== Task requirements ==
A verbatim copy of each record is required.

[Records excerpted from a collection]
== == ==

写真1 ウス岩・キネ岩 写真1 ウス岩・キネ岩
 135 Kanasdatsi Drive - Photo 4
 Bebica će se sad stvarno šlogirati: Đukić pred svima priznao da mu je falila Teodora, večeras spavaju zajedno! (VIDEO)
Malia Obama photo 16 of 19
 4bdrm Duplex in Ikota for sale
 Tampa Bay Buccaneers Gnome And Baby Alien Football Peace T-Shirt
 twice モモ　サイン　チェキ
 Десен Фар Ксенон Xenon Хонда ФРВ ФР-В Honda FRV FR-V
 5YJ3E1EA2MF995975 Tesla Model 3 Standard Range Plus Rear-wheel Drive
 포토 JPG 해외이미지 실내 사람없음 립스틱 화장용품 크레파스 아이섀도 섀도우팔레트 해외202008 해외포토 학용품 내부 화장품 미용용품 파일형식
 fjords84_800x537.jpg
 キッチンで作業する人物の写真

== == ==

== Response box ==
写真1 ウス岩・キネ岩 写真1 ウス岩・キネ岩
 135 Kanasdatsi Drive - Photo 4
 Bebica će se sad stvarno šlogirati: Đukić pred svima priznao da mu je falila Teodora, večeras spavaju zajedno! (VIDEO)
Malia Obama photo 16 of 19
 4bdrm Duplex in Ikota for sale
 Tampa Bay Buccaneers Gnome And Baby Alien Football Peace T-Shirt
 twice モモ　サイン　チェキ
 Десен Фар Ксенон Xenon Хонда ФРВ ФР-В Honda FRV FR-V
 5YJ3E1EA2MF995975 Tesla Model 3 Standard Range Plus Rear-wheel Drive
 포토 JPG 해외이미지 실내 사람없음 립스틱 화장용품 크레파스 아이섀도 섀도우팔레트 해외202008 해외포토 학용품 내부 화장품 미용용품 파일형식
 fjords84_800x537.jpg
 キッチンで作業する人物の写真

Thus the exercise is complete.